### DATA FOR REVIEW ###
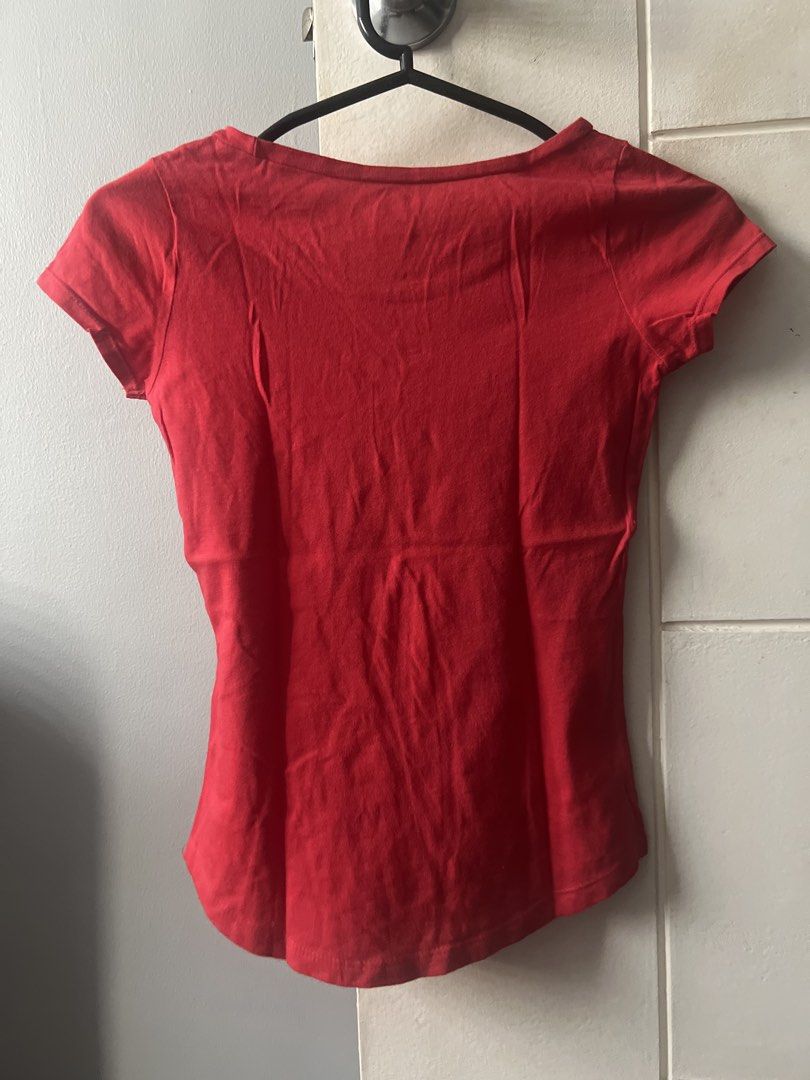 Old Navy Happy Everything Red T-shirt (Category: Babies & Kids Fashion) located in Marikina City. Submitted by prelovedreeses (Listing ID 1435177212, Image 2). Description: RFS: Decluttering Red Old Navy t-shirt with "HAPPY EVERYTHING" printed on the front. It has a scoop neck and short sleeves. The size is S/P (6-7). Made in Dominican Republic. The back of the shirt is plain red..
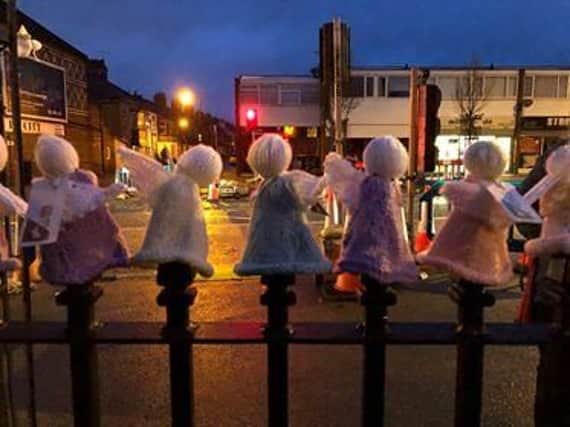Some of the knitted angels along Starbeck high street.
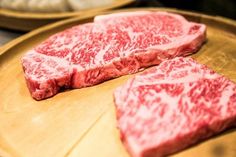 two pieces of raw meat sitting on top of a wooden plate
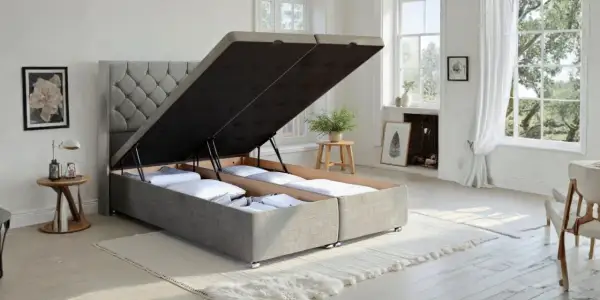 A divan bed with its storage compartments open, revealing neatly folded linens. This versatile divan offers ample hidden storage.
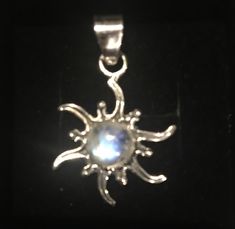 "Sterling Silver Genuine Rainbow Moonstone Sun Pendant 2cm wide = approx. 3/4\" 3.5cm long = approx. 1.37\" with bail included 18\" long chain included Boho and Hippie Style Sterling Silver Genuine Rainbow Moonstone Sun Necklace, Sun Pendant Chain Included" Moonstone Sun And Moon Pendant Jewelry, Moonstone Pendant With Sun And Moon Design, Moonstone Pendant Jewelry With Sun And Moon Design, White Pendant Jewelry With Sun And Moon Design, White Sun And Moon Pendant Jewelry, White Sun And Moon Design Pendant Jewelry, Sun And Moon Design Moonstone Jewelry As Gift, Symbolic Moonstone Jewelry With Moon Charm, Moonstone Moon-shaped Jewelry With Sun And Moon Design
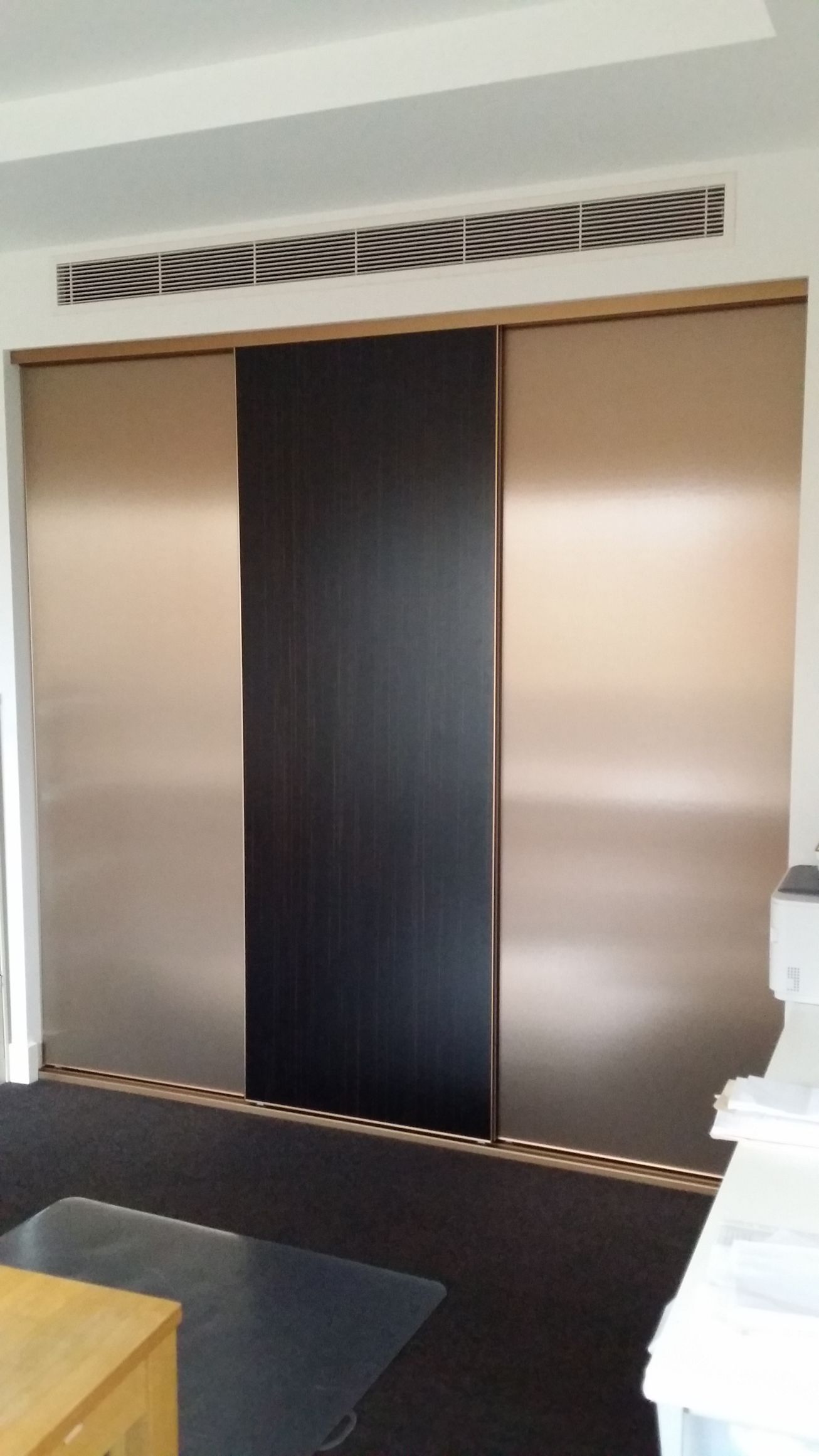 A room with sliding doors and a ceiling fan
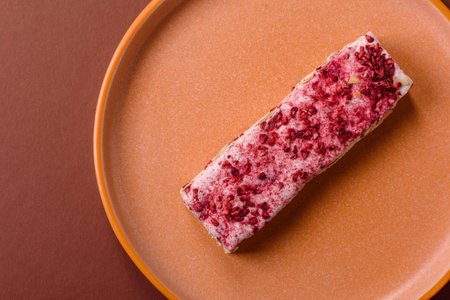 Nougat or white caramel with hazelnuts and pistachios and strawberry pieces. White nougat with nuts,...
###
### WHAT TO WORK ON
All of the data, minus its pictures, should be repeated exactly.

### TASK ANSWER
 Old Navy Happy Everything Red T-shirt (Category: Babies & Kids Fashion) located in Marikina City. Submitted by prelovedreeses (Listing ID 1435177212, Image 2). Description: RFS: Decluttering Red Old Navy t-shirt with "HAPPY EVERYTHING" printed on the front. It has a scoop neck and short sleeves. The size is S/P (6-7). Made in Dominican Republic. The back of the shirt is plain red..
Some of the knitted angels along Starbeck high street.
 two pieces of raw meat sitting on top of a wooden plate
 A divan bed with its storage compartments open, revealing neatly folded linens. This versatile divan offers ample hidden storage.
 "Sterling Silver Genuine Rainbow Moonstone Sun Pendant 2cm wide = approx. 3/4\" 3.5cm long = approx. 1.37\" with bail included 18\" long chain included Boho and Hippie Style Sterling Silver Genuine Rainbow Moonstone Sun Necklace, Sun Pendant Chain Included" Moonstone Sun And Moon Pendant Jewelry, Moonstone Pendant With Sun And Moon Design, Moonstone Pendant Jewelry With Sun And Moon Design, White Pendant Jewelry With Sun And Moon Design, White Sun And Moon Pendant Jewelry, White Sun And Moon Design Pendant Jewelry, Sun And Moon Design Moonstone Jewelry As Gift, Symbolic Moonstone Jewelry With Moon Charm, Moonstone Moon-shaped Jewelry With Sun And Moon Design
 A room with sliding doors and a ceiling fan
 Nougat or white caramel with hazelnuts and pistachios and strawberry pieces. White nougat with nuts,...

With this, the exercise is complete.